Start of Extracted entries
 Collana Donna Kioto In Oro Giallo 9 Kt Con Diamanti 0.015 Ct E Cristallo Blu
End of Extracted entries
Start of Extracted entries
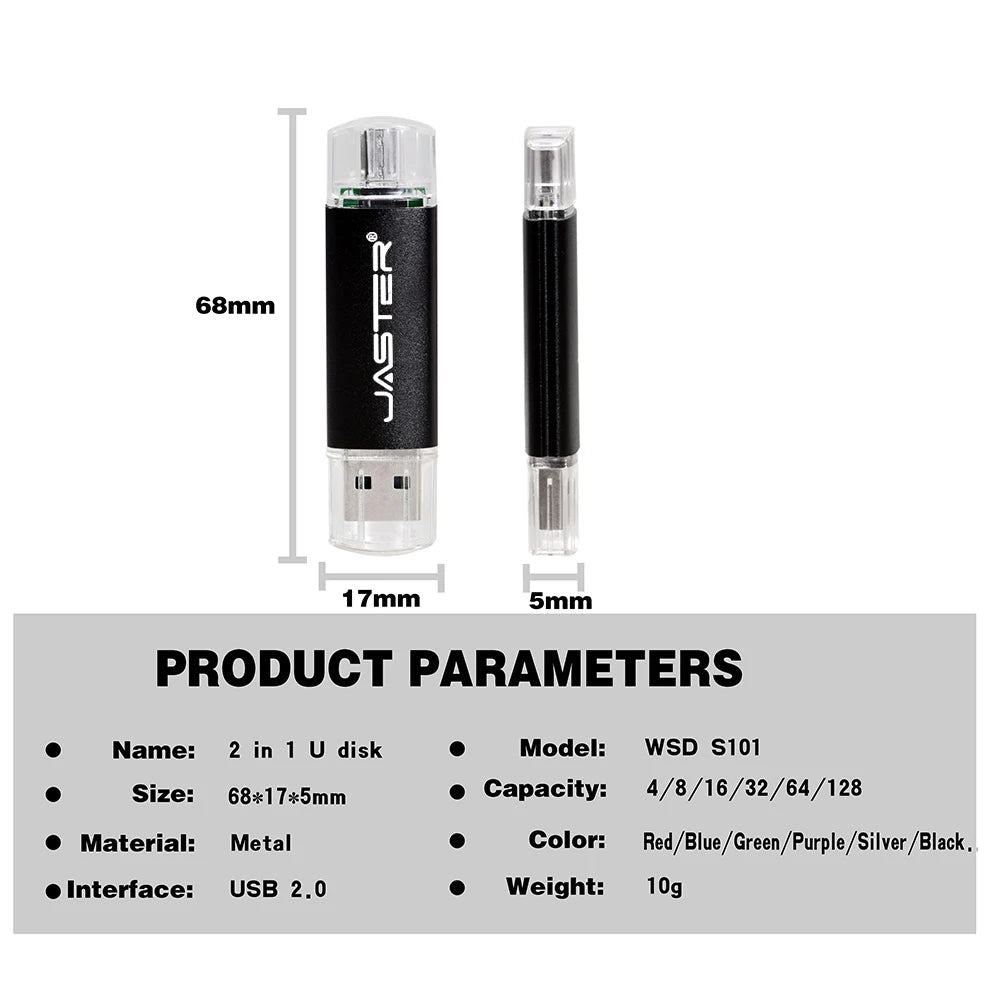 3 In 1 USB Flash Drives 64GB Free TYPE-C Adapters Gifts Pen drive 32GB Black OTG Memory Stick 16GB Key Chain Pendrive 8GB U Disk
End of Extracted entries
Start of Extracted entries
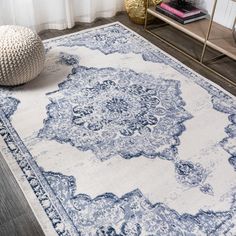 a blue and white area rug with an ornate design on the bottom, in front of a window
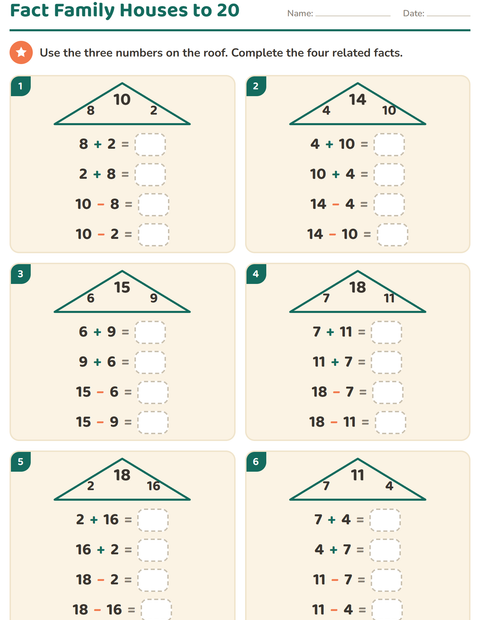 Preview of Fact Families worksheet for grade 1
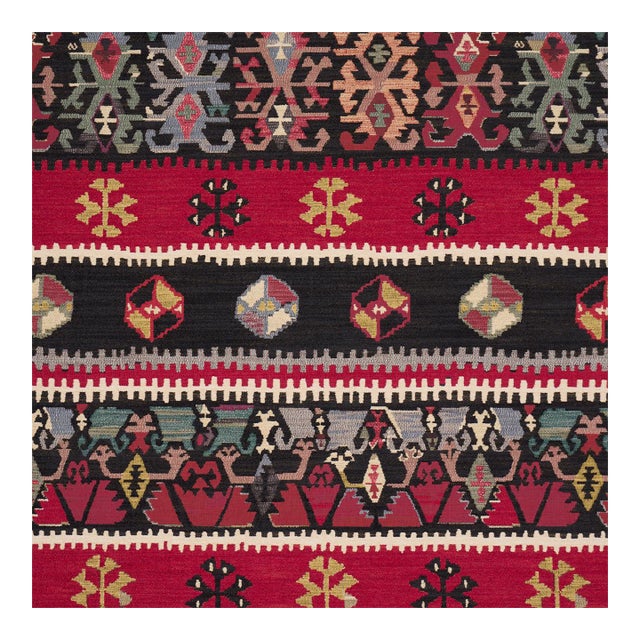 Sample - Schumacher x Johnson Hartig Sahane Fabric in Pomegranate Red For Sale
End of Extracted entries
Aim of the exercise.
Leaving every picture aside, reproduce exactly the lines above from the one with "a blue and white" up to and including the one with "Sample - Schumacher", and no others.

Answer area.
 a blue and white area rug with an ornate design on the bottom, in front of a window
 Preview of Fact Families worksheet for grade 1
 Sample - Schumacher x Johnson Hartig Sahane Fabric in Pomegranate Red For Sale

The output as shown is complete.